Cependant, selon l’opinion de l’ensemble des autres Richonim il n’y a d’obligation de se lever lors de la bénédiction de « Ichtaba’h » seulement pour l’officiant puisqu’il doit dire le Kaddich après avoir dit « Ichtaba’h », et c’est pourquoi il doit se lever, mais pour le reste de l’assemblée il n’y a absolument pas d’obligation de se lever.
Du point de vue de la Halacha, notre maître le RAMA tranche sur ce point selon l’opinion du Hagahot Maïmoni selon qui il faut se lever lors de la bénédiction de« Ichtaba’h ». Tel est l’usage des Achkénazim qui tranchent généralement selon le RAMA. C’est ainsi que tranche le Gaon Ya’bets dans son Siddour « Amoudé Chamaïm ».

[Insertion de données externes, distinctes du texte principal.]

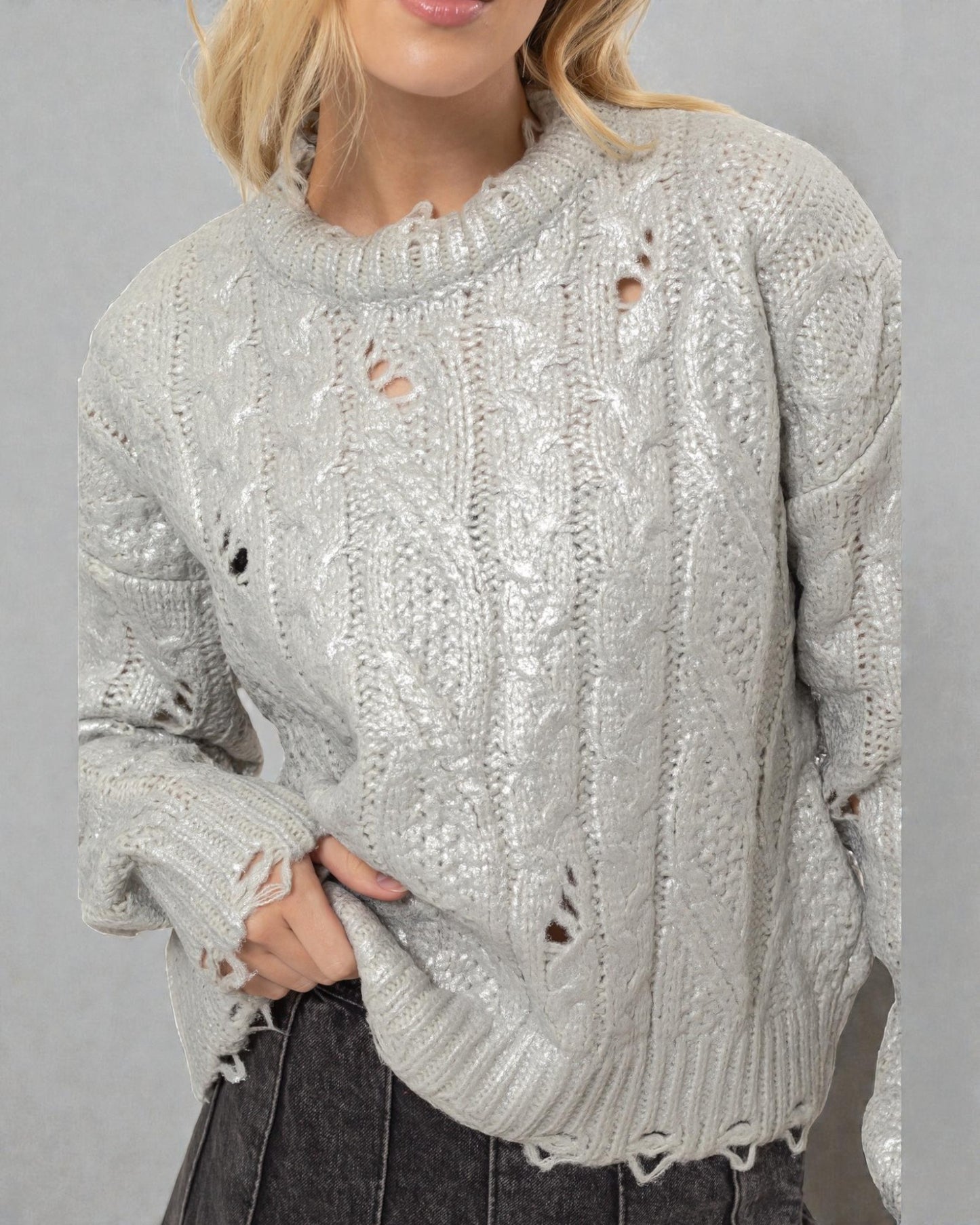 Person wearing a light gray distressed sweater against a plain background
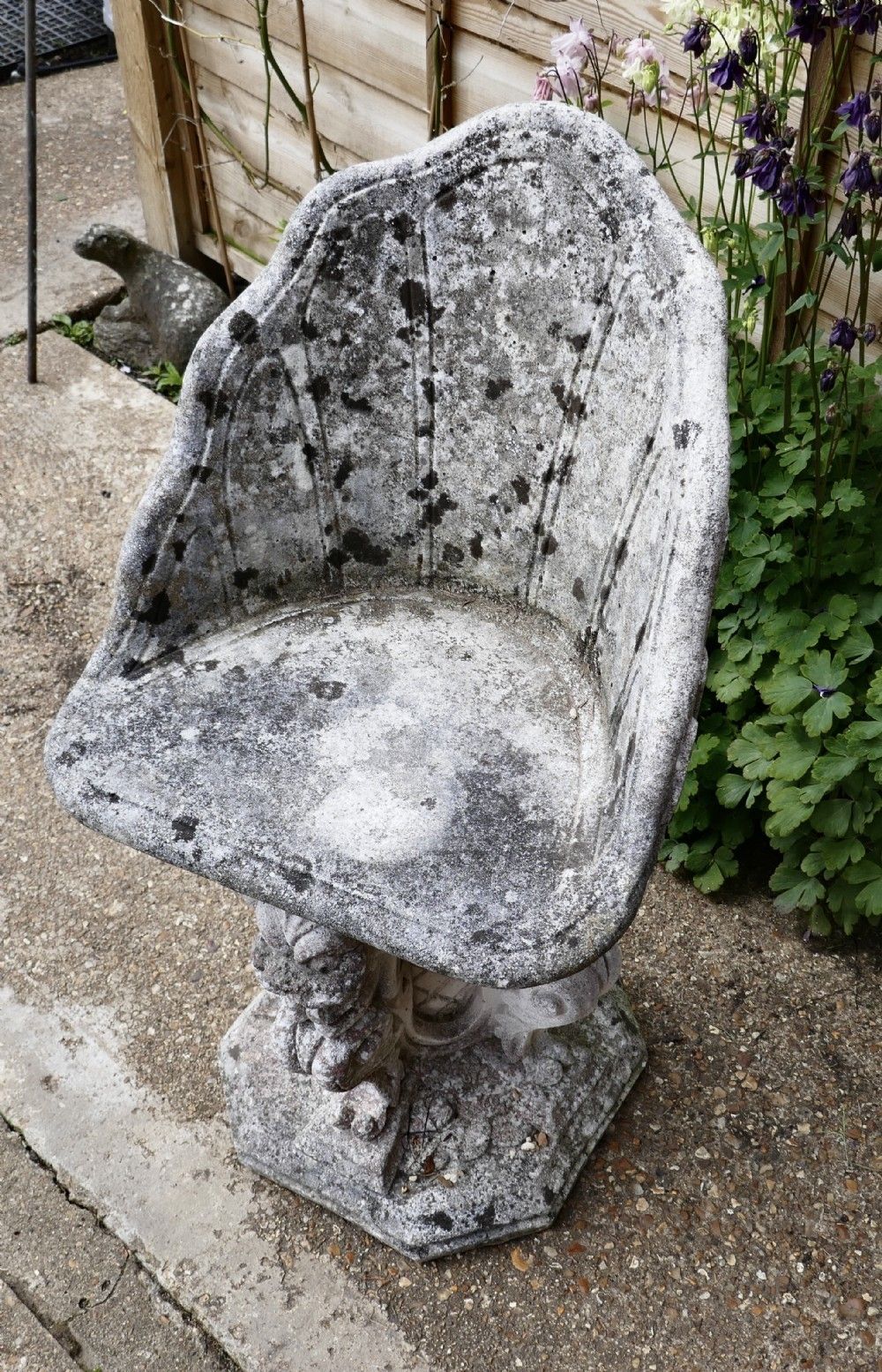 Old Weathered Garden Seat With Gargoyles photo vinterior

Cependant, les Séfaradim et les originaires des communautés du moyen orient tranchent selon l’opinion des autres Richonim, Rav ‘Amram GAON, le SAMAK et d’autres…, et ne se lèvent pas lors de la bénédiction de « Ichtaba’h ».
Le Maguen Avraham écrit que c’est aussi ce qu’il faut déduire des propos de MARAN l’auteur du Choul’han ‘Arou’h.
En conclusion : Il faut avoir une concentration particulière lors du verset « Potea’h Ete Yade’ha… »), car l’essentiel de la Parnassa dépend de ce verset. Notre usage est d’ouvrir les mains et de les élever comme le ferait un homme qui désire recevoir une chose de son ami, ceci en signe sur la réception de l’abondance accordée par Hachem à chacun, et afin de stimuler l’attention du cœur.
Lorsqu’on dit la bénédiction de « Ichtaba’h », les Achkenazim ont l’usage de se lever, mais les Séfaradim n’ont pas cet usage, excepté pour l’officiant qui doit dire ensuite le Kaddich.